### Dataset content
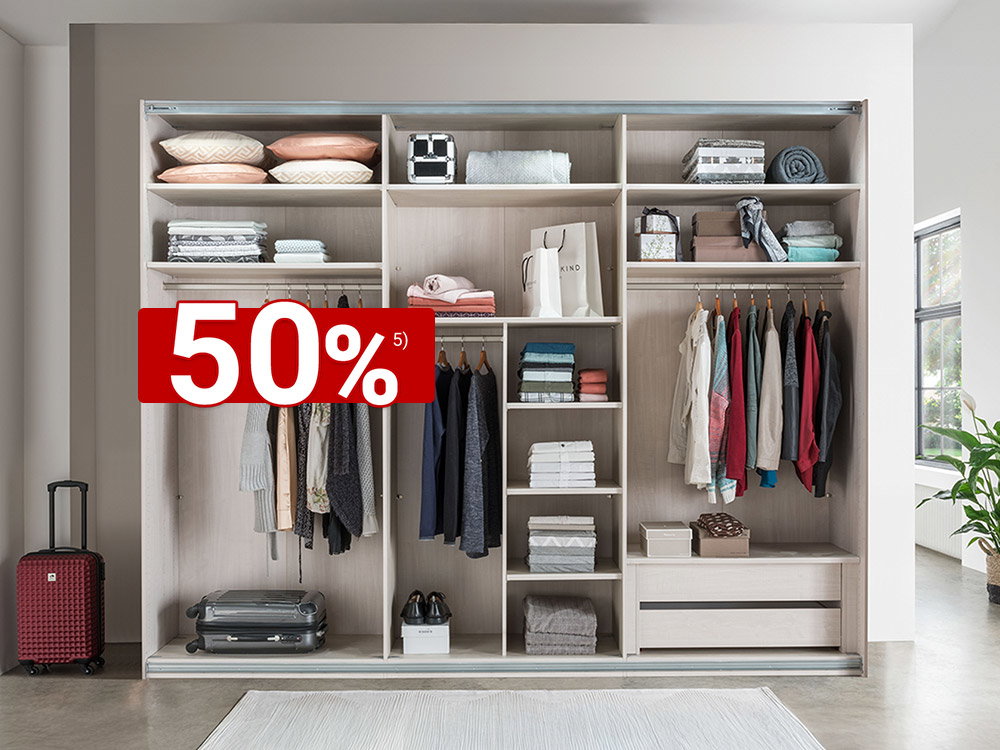 Großer offener Kleiderschrank mit Fächern, Kleiderstangen und Schubladen, ordentlich gefüllt mit Kleidung, Kissen und Boxen, daneben ein Koffer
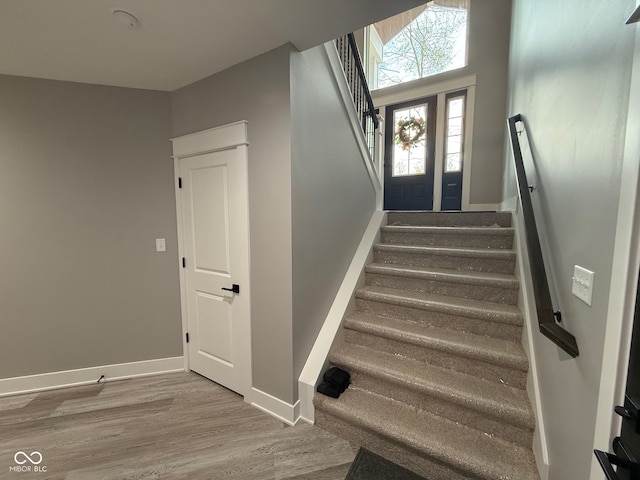 staircase with hardwood / wood-style floors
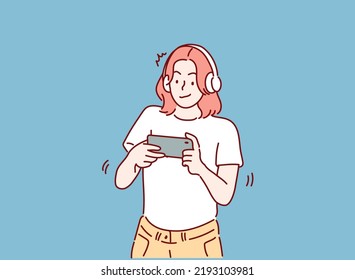 woman play mobile game on smartphone. Hand drawn style vector design illustrations.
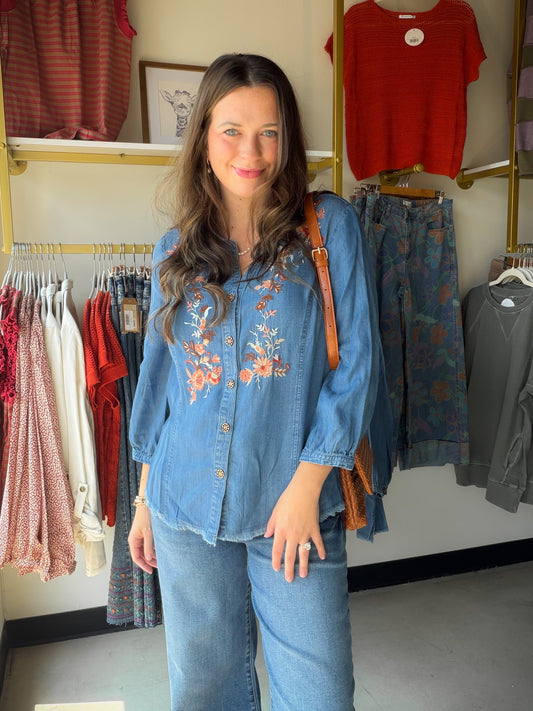 Boho-chic meets artisan craftsmanship. The V Neck Embroidered Fringe Top features rich embroidery and a playful fringe hem that give it a one-of-a-kind, handcrafted feel. A band collar, 3/4 sleeves, and button-front silhouette keep it polished, while the soft Lyocell fabric drapes effortlessly for all-day comfort.

Band collar with button-front closure
3/4 sleeve length
Rich embroidery and fringe hem detail
Soft, flowing Lyocell fabric
Available in sizes S–1X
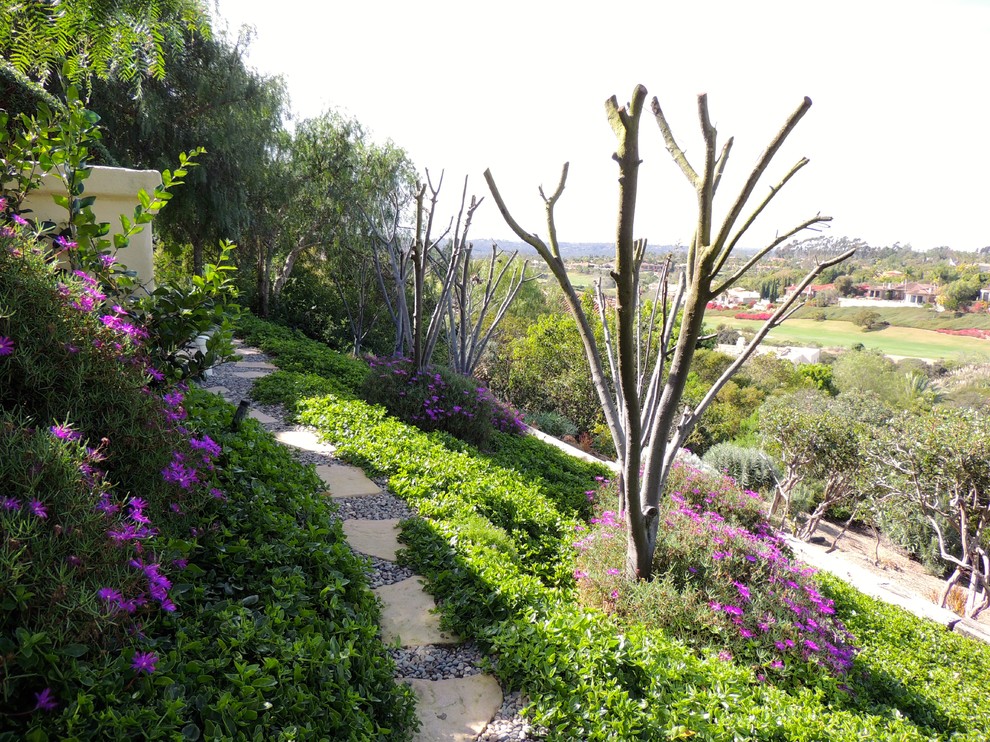Inredning av en medelhavsstil mycket stor trädgård i delvis sol i slänt på våren, med en trädgårdsgång och naturstensplattor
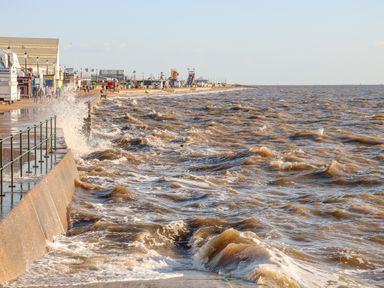 A waterfront with waves hitting a sea wall and people walking along a promenade at See The Sea in Hunstanton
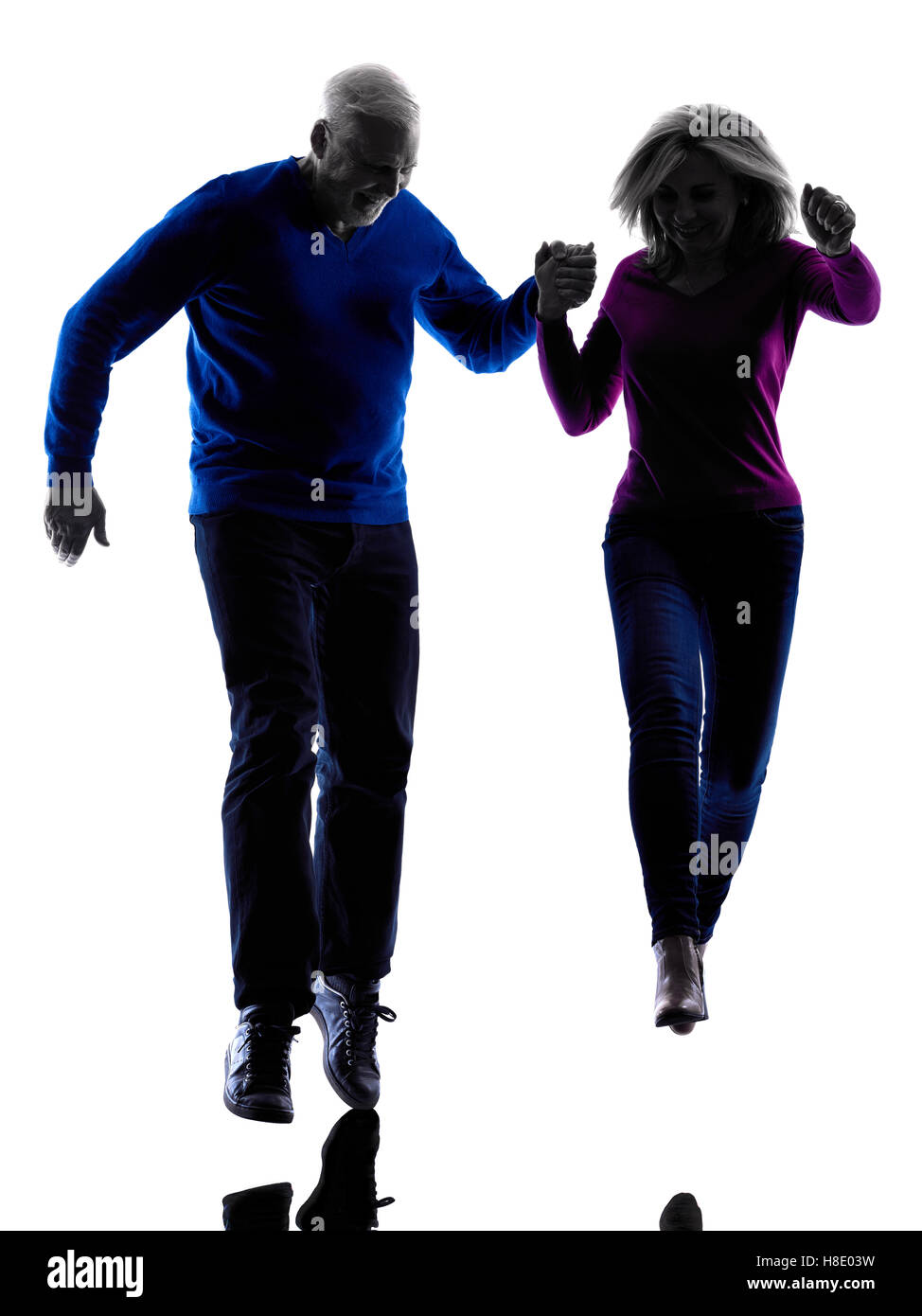 one caucasian couple senior silhouette in silhouette studio isolated on ...
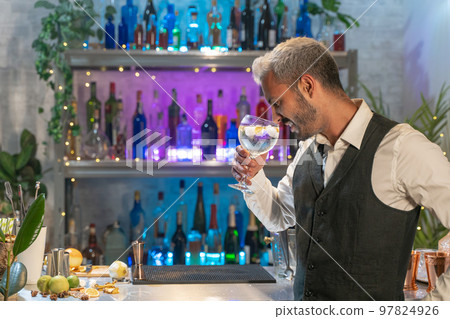 Professional barman smelling cocktail in nightclub. Night life concept 97824926
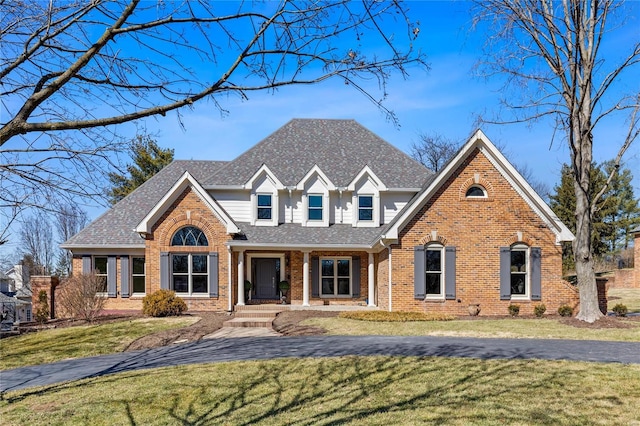 traditional home with brick siding, a front lawn, and a shingled roof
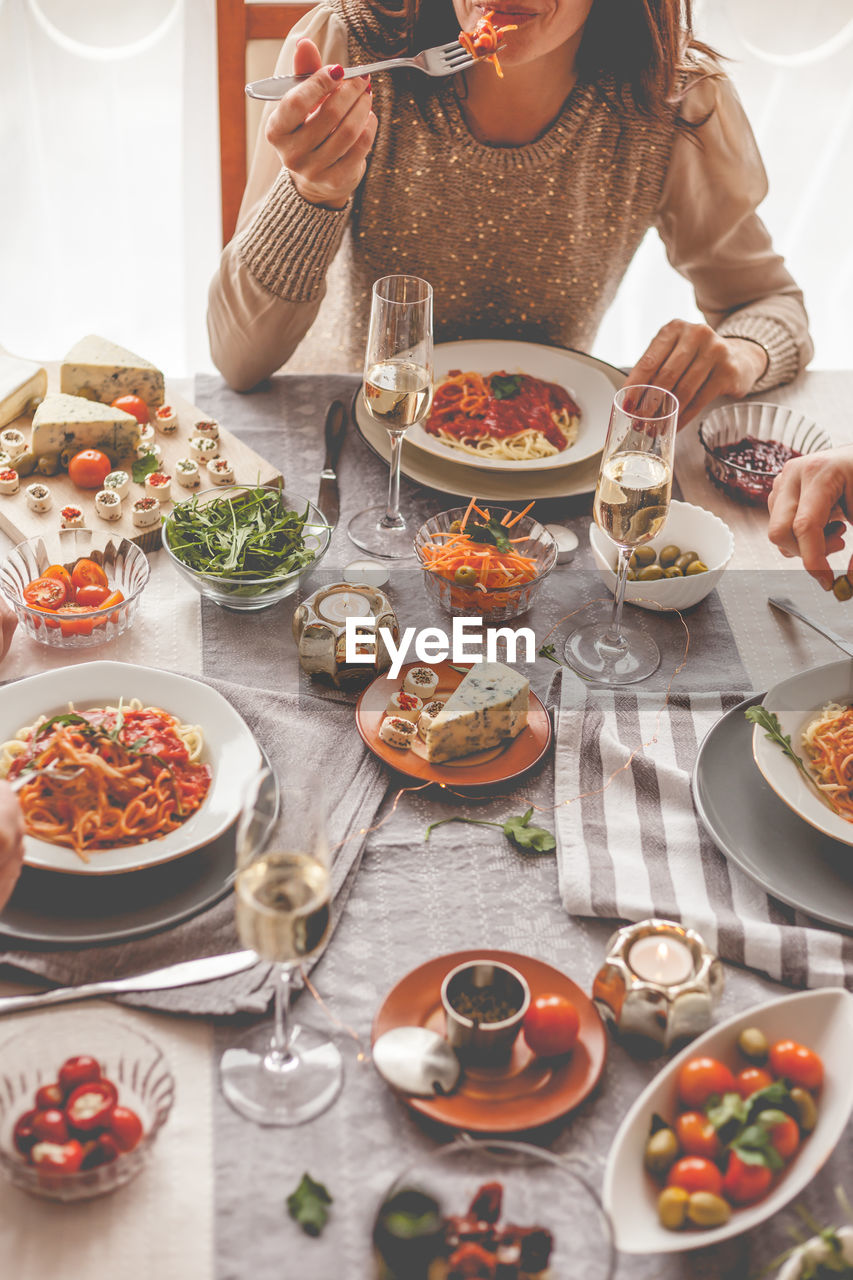 Midsection of woman eating food at table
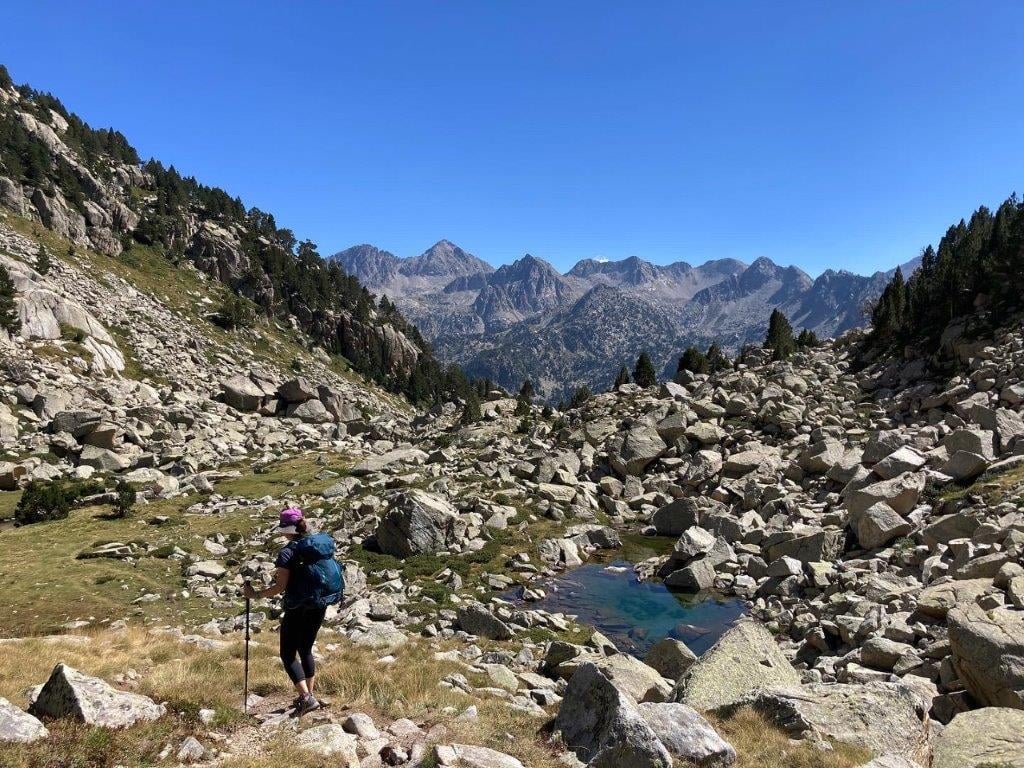 Woman hiking through a rocky mountain valley on the Carros de Foc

### Activity
In your output, include only the lines from the line containing "Midsection of woman eating food at table" through the last line of the material above, exactly as they appear, and leave out the pictures.

### Exercise solution
 Midsection of woman eating food at table
 Woman hiking through a rocky mountain valley on the Carros de Foc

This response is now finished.